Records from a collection
========

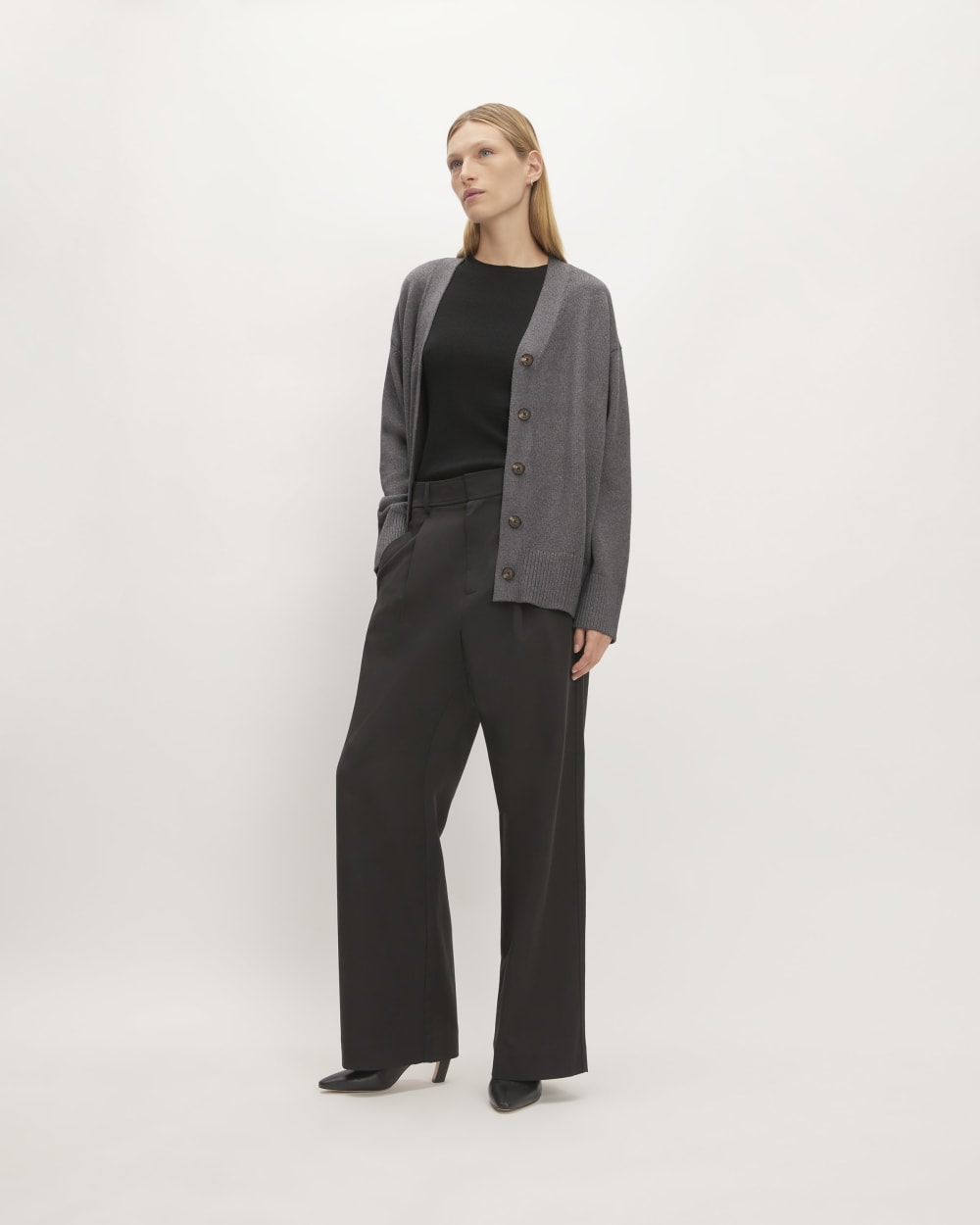 The Organic Cotton Cardigan | Heathered Charcoal - Image 3
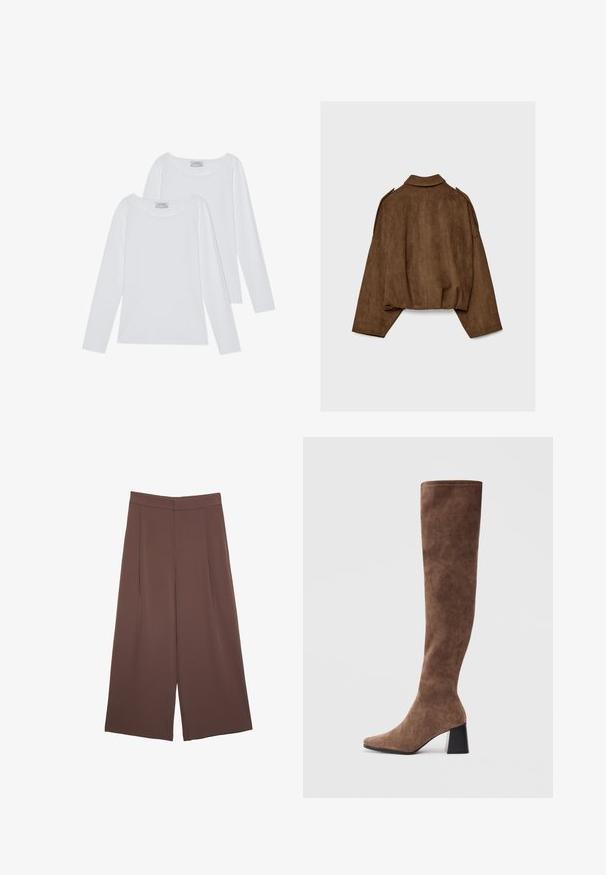 Braune Jacke aus Kunstwildleder mit Kragen, übergroßem Schnitt und abgefallenen Schultern. Der Rücken zeigt vertikale Nahtdetails und ein kurzes Design.; Zwei langärmelige Oberteile in Weiß, mit runden Ausschnitten und weichem Stoff, minimalen Nähten und klaren Linien für einen vielseitigen Look.; Braune Weite-Leg-Hosen mit einer glatten Textur, hoher Taille und Vorderfalten. Der Stoff ist leicht und fällt locker.; Braune Overknee-Stiefel aus weichem Wildleder mit spitzer Zehenform und einem massiven schwarzen Absatz. Das Design verfügt über nahtlose Nähte für einen eleganten Look.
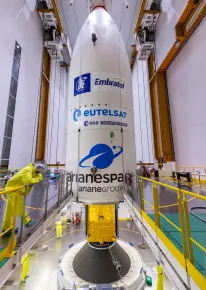 EUTELSAT QUANTUM satellite integration on the launcher at the Final Assembly Building (BAF), (Kourou, French Guiana)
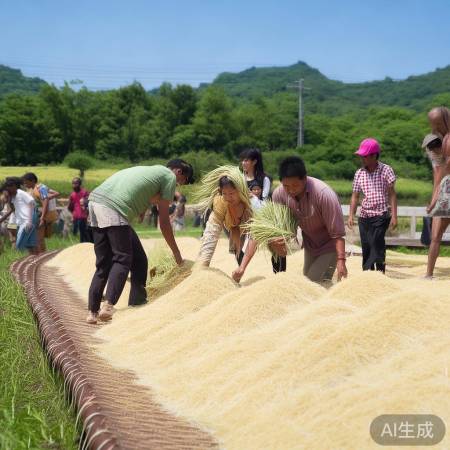 5岁女孩泪抢稻谷,伙伴们纷纷赶来助阵!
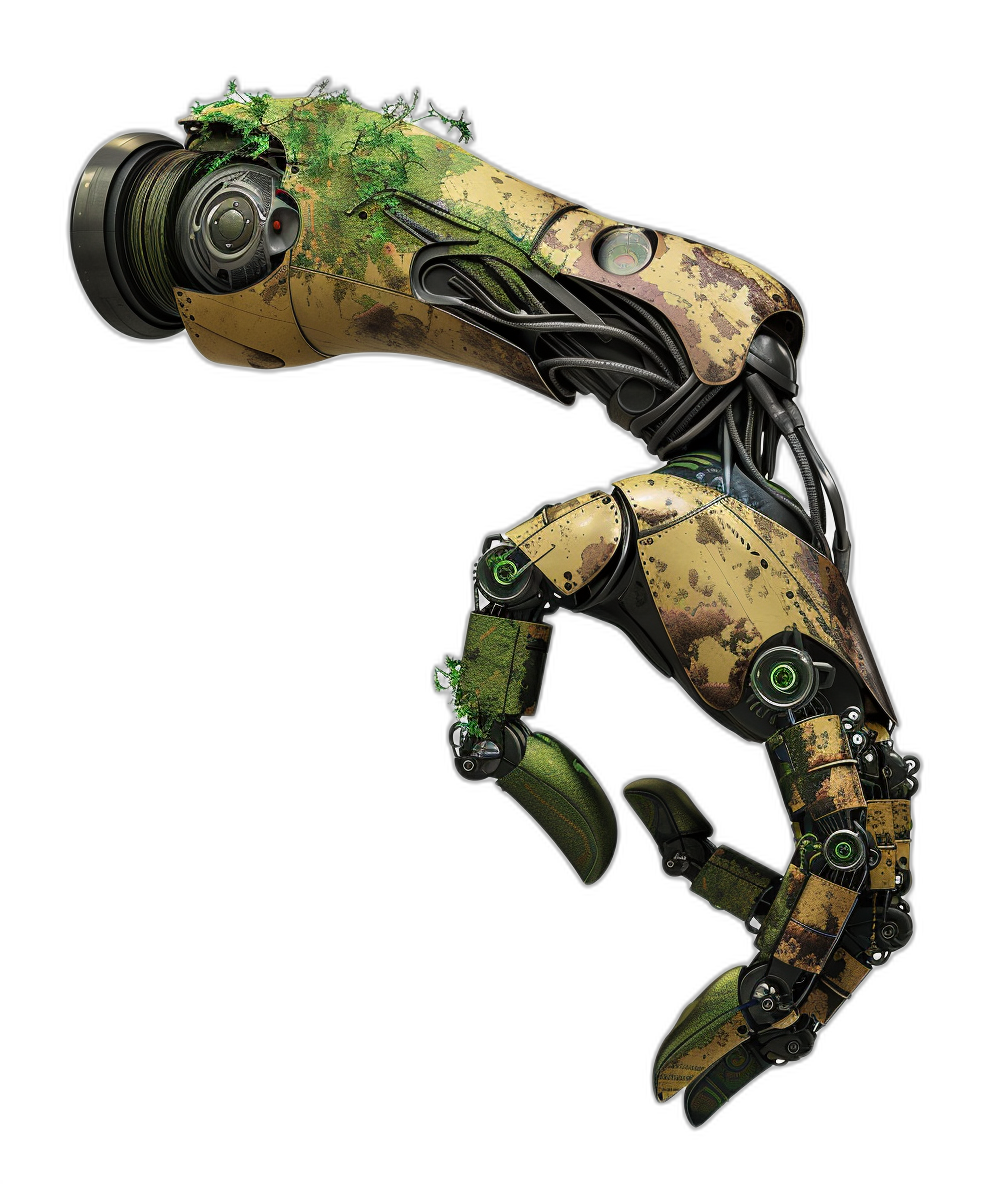 A long arm with moss on it, the end of the hand is shaped like an alien creature’s head and has large camera lens eyes. The style is digital art with an isolated black background. The body has a cyberpunk green camouflage pattern. It is a concept design character sheet and 3D render in the style of camouflage.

========

Within the entries above, the lines from the one with "EUTELSAT QUANTUM satellite" through the final line are to be printed exactly, with the pictures removed.

◆ Problem solution:
 EUTELSAT QUANTUM satellite integration on the launcher at the Final Assembly Building (BAF), (Kourou, French Guiana)
 5岁女孩泪抢稻谷,伙伴们纷纷赶来助阵!
 A long arm with moss on it, the end of the hand is shaped like an alien creature’s head and has large camera lens eyes. The style is digital art with an isolated black background. The body has a cyberpunk green camouflage pattern. It is a concept design character sheet and 3D render in the style of camouflage.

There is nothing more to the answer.